— Work to be completed —
Below are records with pictures; copy word for word only the lines between the line with "Face Mask Blue" and the line with "1/3PCS Men Briefs", inclusive, and drop the pictures.

BEGIN Supplied records

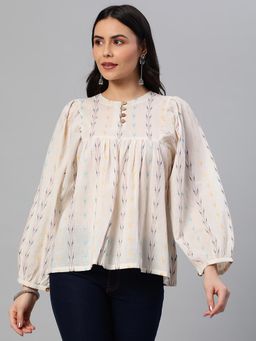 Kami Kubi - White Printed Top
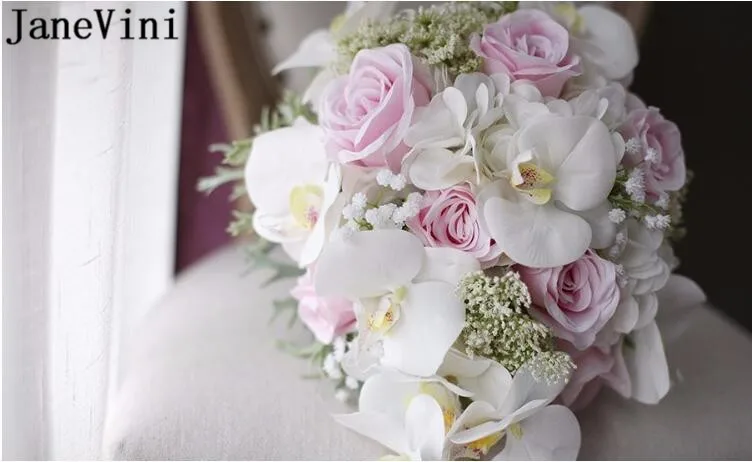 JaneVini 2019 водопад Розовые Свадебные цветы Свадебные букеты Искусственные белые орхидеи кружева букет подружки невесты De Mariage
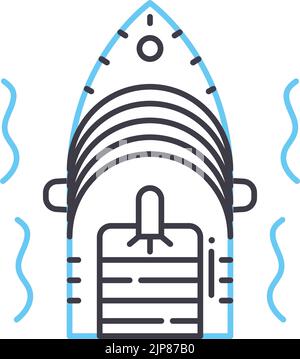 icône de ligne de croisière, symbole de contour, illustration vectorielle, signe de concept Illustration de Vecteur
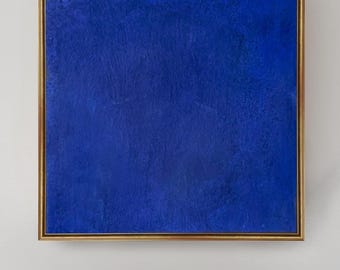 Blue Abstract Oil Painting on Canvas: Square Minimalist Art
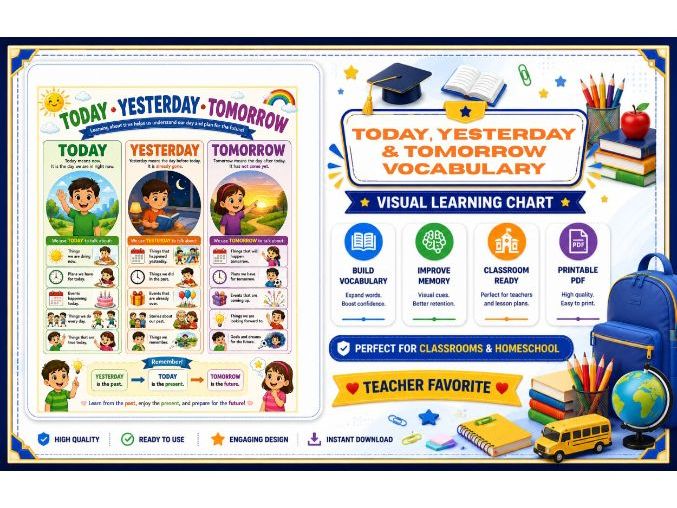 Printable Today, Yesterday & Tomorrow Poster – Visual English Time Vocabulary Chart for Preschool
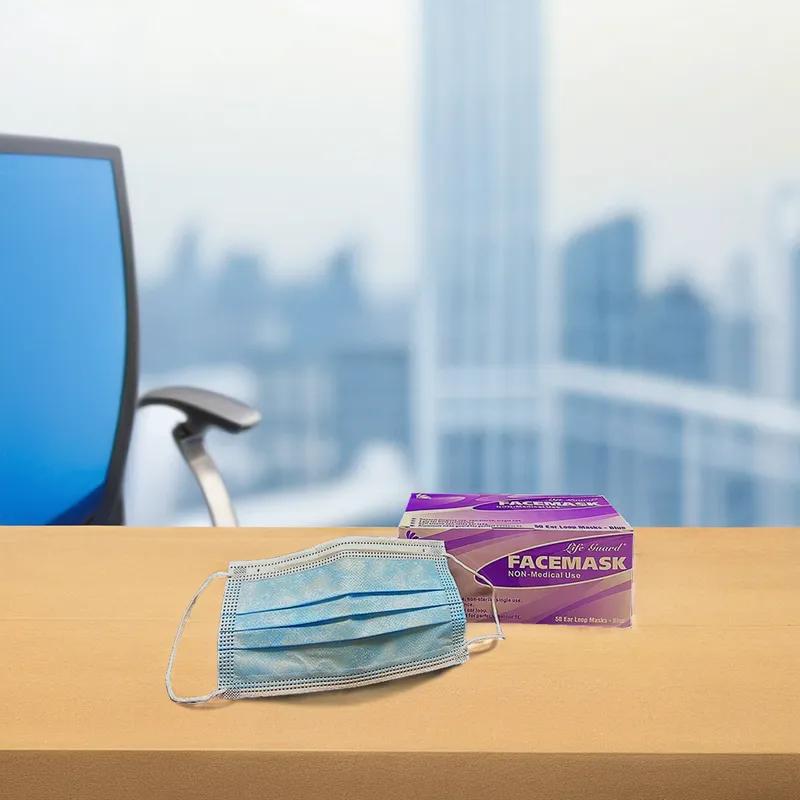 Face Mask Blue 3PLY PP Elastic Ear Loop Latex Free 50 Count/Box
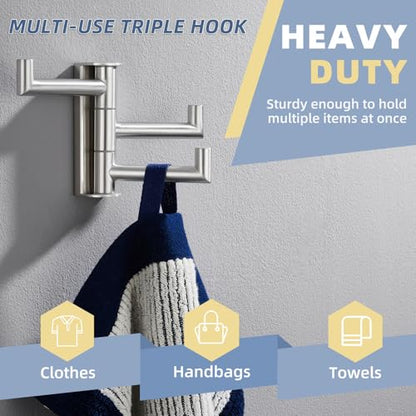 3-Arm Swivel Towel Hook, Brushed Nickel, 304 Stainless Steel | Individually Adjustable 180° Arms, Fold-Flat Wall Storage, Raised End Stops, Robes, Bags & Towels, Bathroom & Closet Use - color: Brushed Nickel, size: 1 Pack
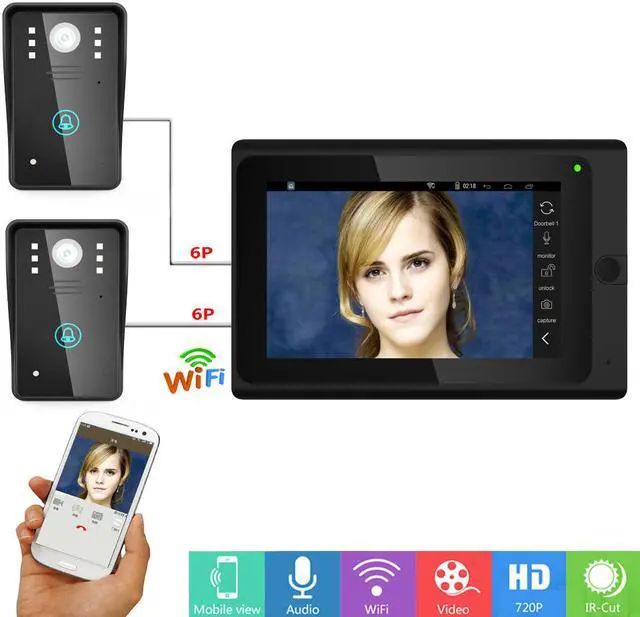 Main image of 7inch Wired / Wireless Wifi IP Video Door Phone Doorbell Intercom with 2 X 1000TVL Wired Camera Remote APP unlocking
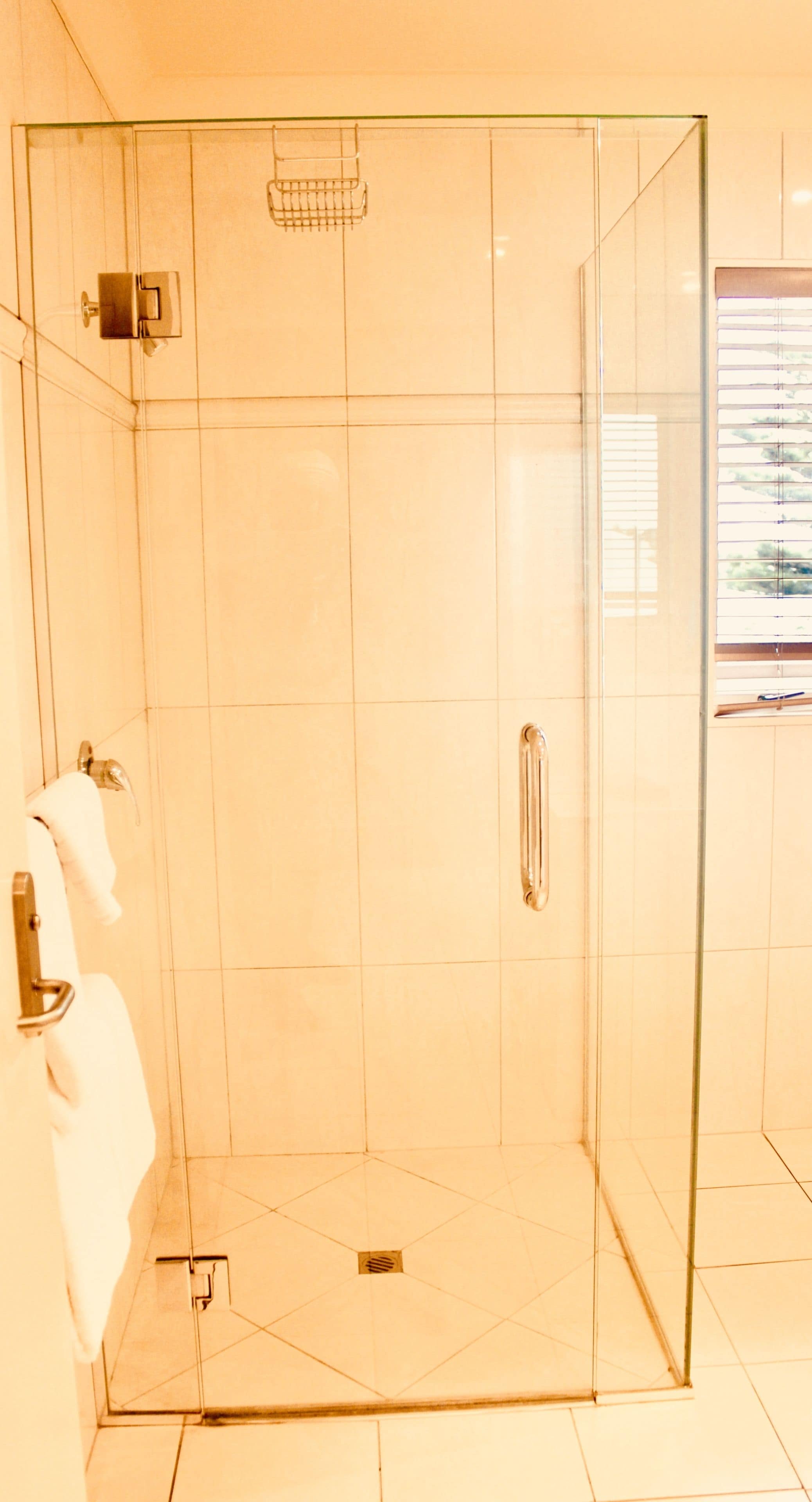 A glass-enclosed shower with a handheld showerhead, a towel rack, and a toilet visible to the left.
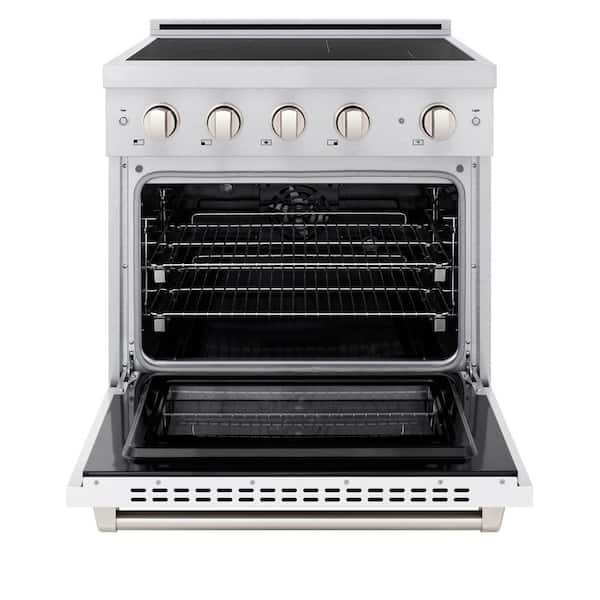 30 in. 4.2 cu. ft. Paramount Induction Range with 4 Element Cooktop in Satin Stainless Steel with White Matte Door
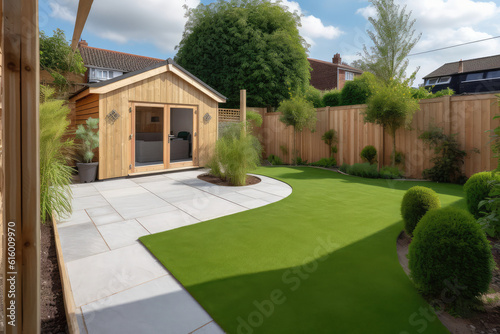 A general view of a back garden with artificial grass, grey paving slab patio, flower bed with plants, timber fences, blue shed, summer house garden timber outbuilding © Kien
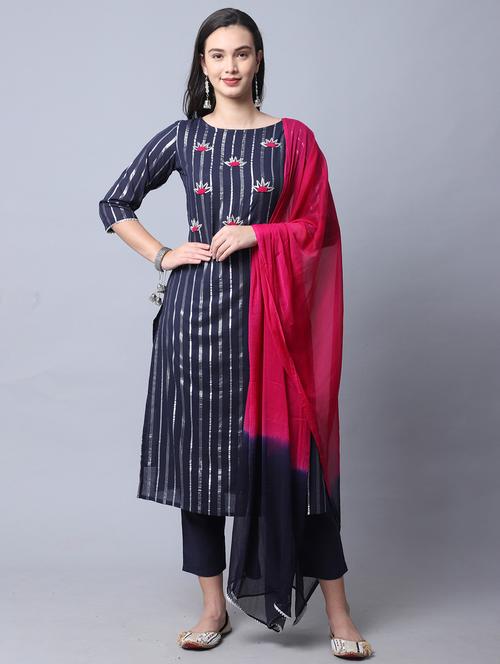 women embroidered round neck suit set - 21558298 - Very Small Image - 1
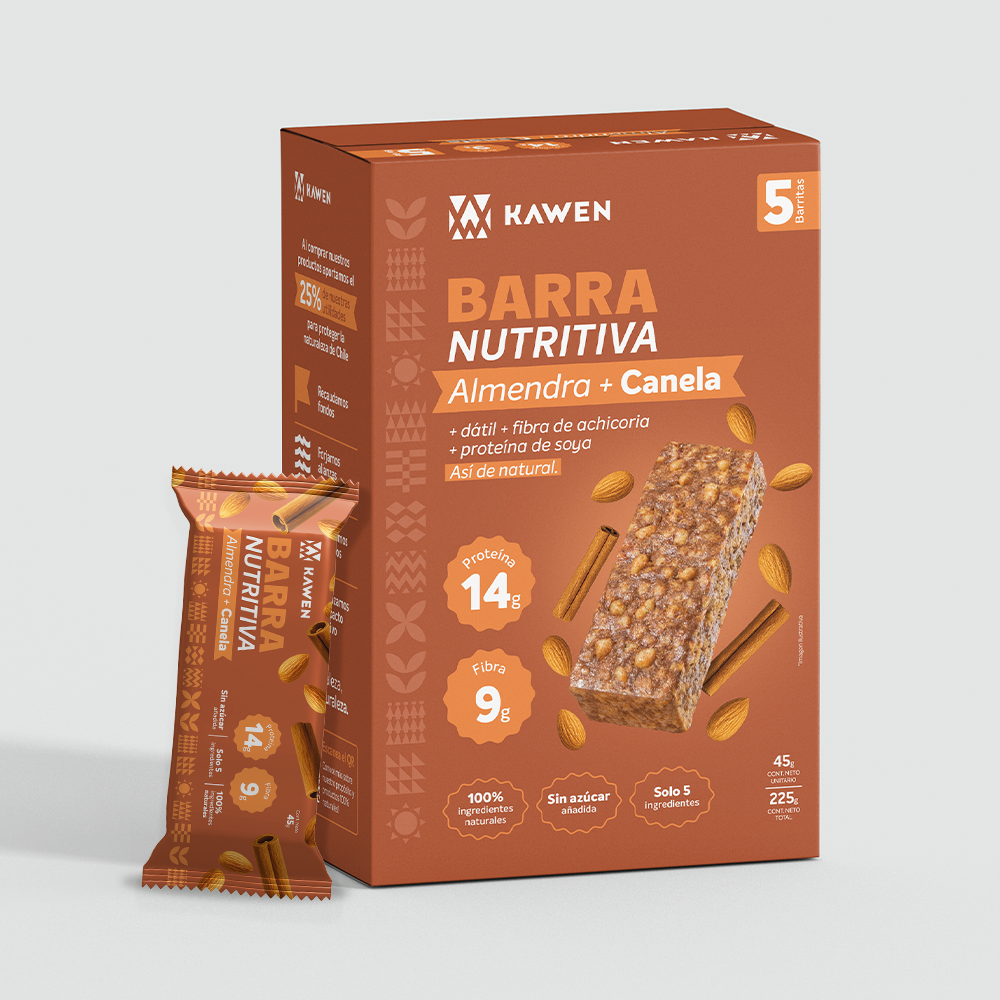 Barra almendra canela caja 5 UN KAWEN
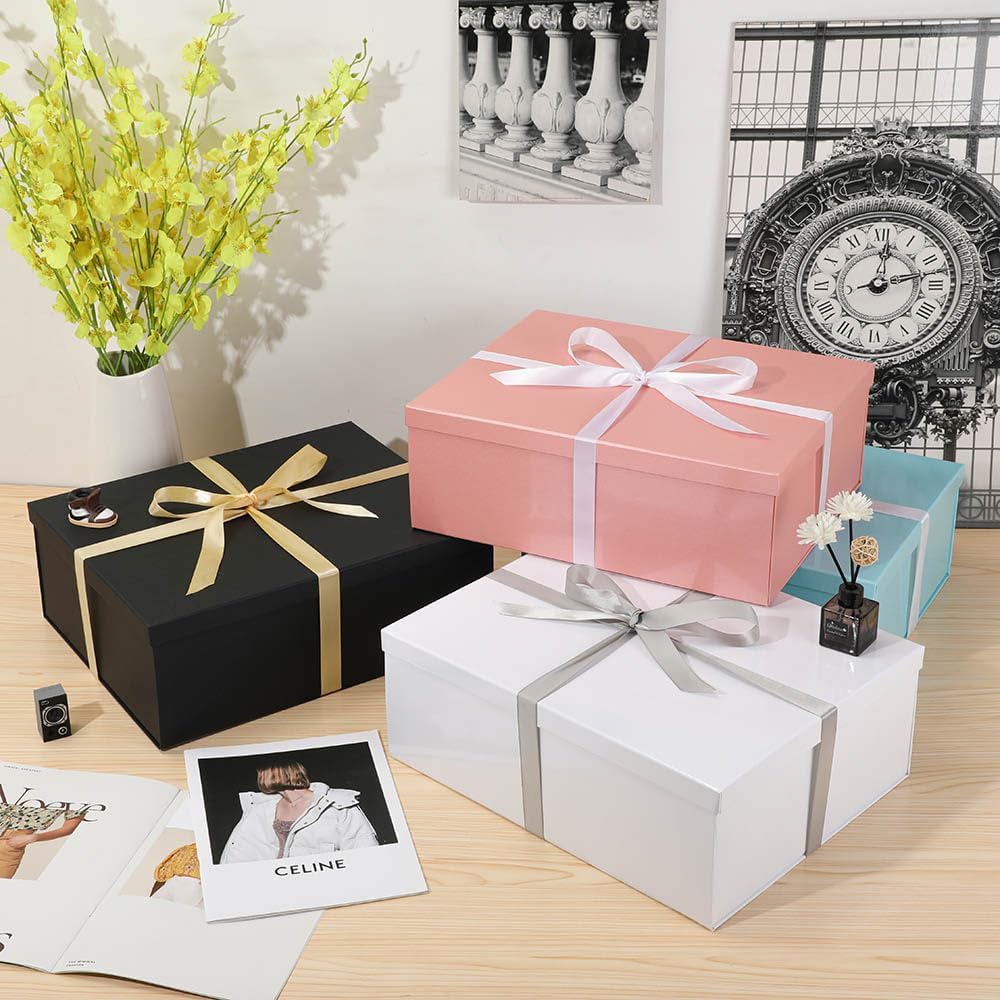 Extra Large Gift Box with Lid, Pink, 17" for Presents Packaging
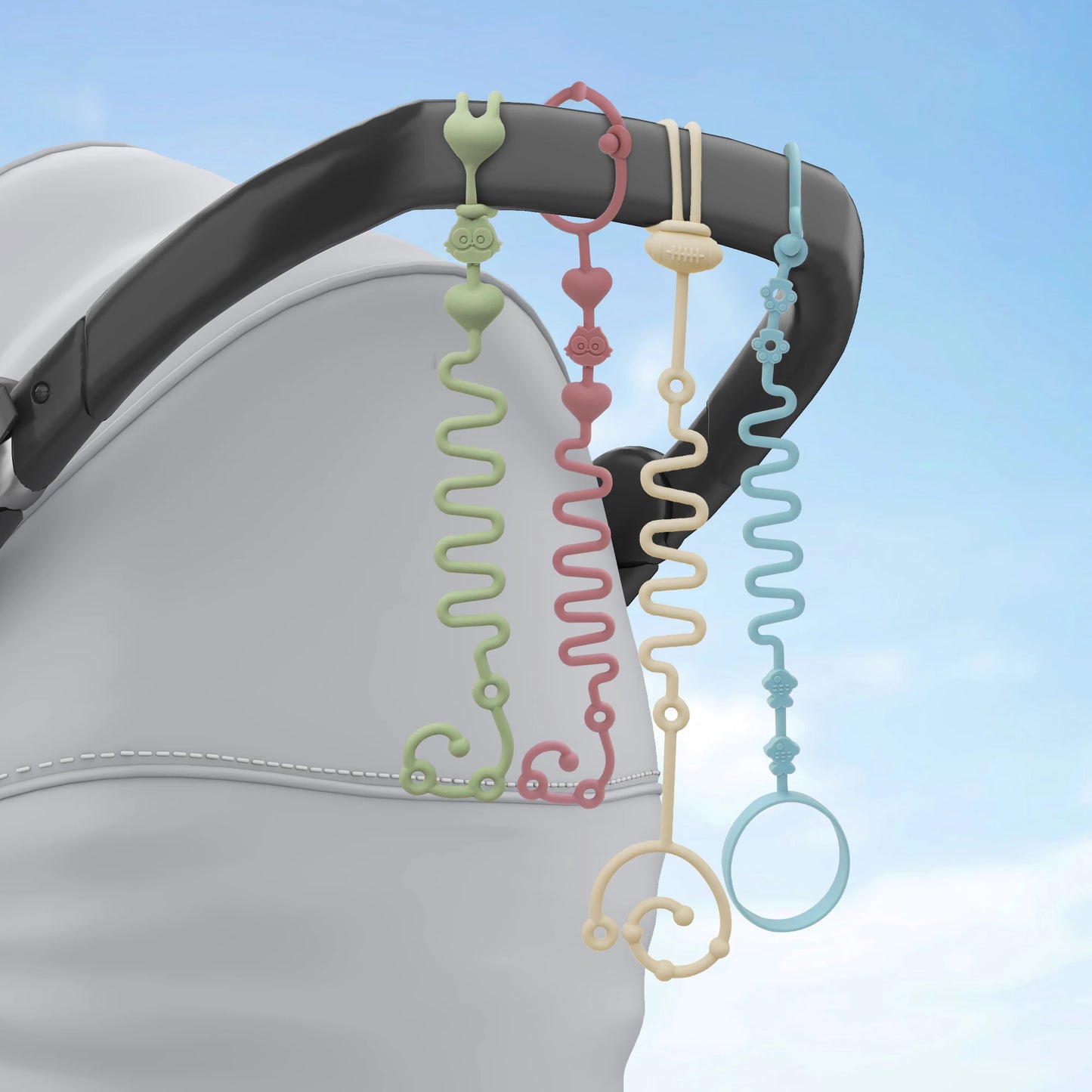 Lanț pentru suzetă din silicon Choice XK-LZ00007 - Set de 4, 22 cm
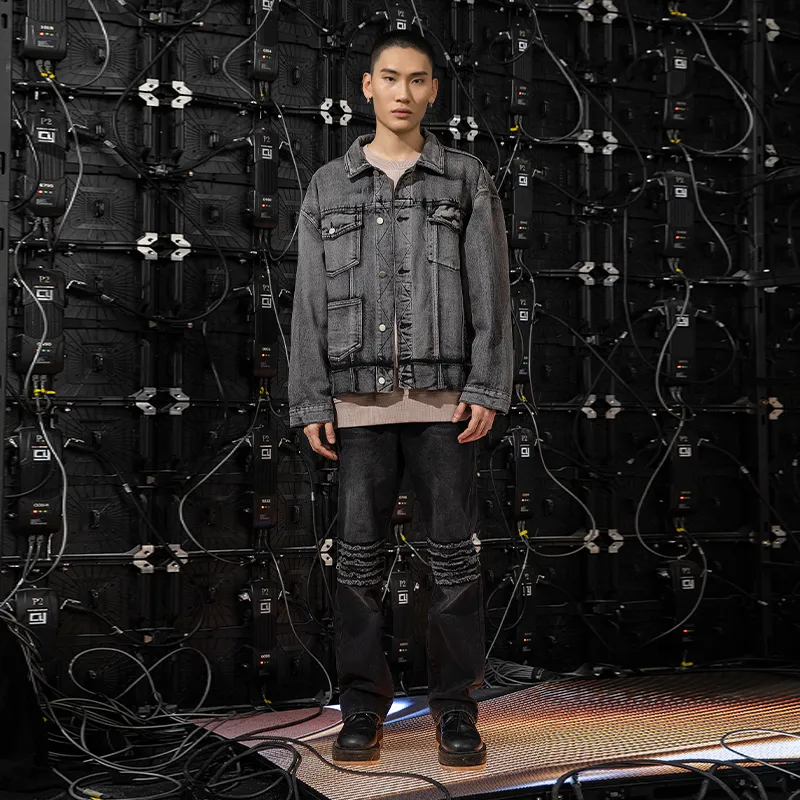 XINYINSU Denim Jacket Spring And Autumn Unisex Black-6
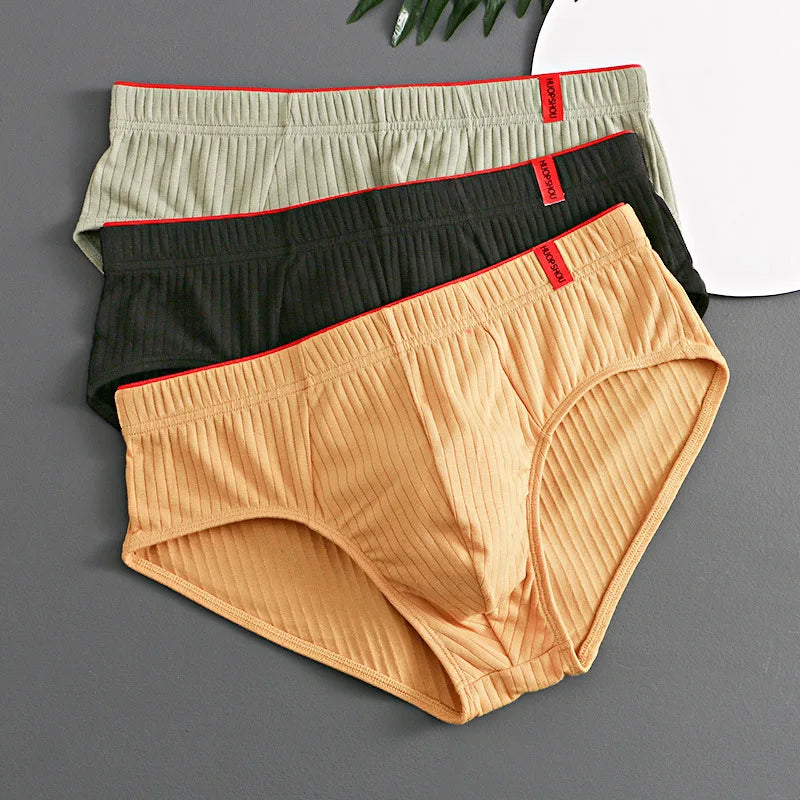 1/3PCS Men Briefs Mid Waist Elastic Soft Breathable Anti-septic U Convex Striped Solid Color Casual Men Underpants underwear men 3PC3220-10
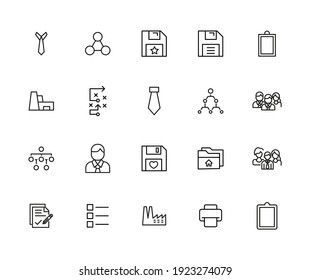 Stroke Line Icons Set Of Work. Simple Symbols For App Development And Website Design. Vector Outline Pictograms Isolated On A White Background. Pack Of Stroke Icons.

END Supplied records

— Completed task —
 Face Mask Blue 3PLY PP Elastic Ear Loop Latex Free 50 Count/Box
 3-Arm Swivel Towel Hook, Brushed Nickel, 304 Stainless Steel | Individually Adjustable 180° Arms, Fold-Flat Wall Storage, Raised End Stops, Robes, Bags & Towels, Bathroom & Closet Use - color: Brushed Nickel, size: 1 Pack
 Main image of 7inch Wired / Wireless Wifi IP Video Door Phone Doorbell Intercom with 2 X 1000TVL Wired Camera Remote APP unlocking
 A glass-enclosed shower with a handheld showerhead, a towel rack, and a toilet visible to the left.
 30 in. 4.2 cu. ft. Paramount Induction Range with 4 Element Cooktop in Satin Stainless Steel with White Matte Door
 A general view of a back garden with artificial grass, grey paving slab patio, flower bed with plants, timber fences, blue shed, summer house garden timber outbuilding © Kien
 women embroidered round neck suit set - 21558298 - Very Small Image - 1
 Barra almendra canela caja 5 UN KAWEN
 Extra Large Gift Box with Lid, Pink, 17" for Presents Packaging
 Lanț pentru suzetă din silicon Choice XK-LZ00007 - Set de 4, 22 cm
 XINYINSU Denim Jacket Spring And Autumn Unisex Black-6
 1/3PCS Men Briefs Mid Waist Elastic Soft Breathable Anti-septic U Convex Striped Solid Color Casual Men Underpants underwear men 3PC3220-10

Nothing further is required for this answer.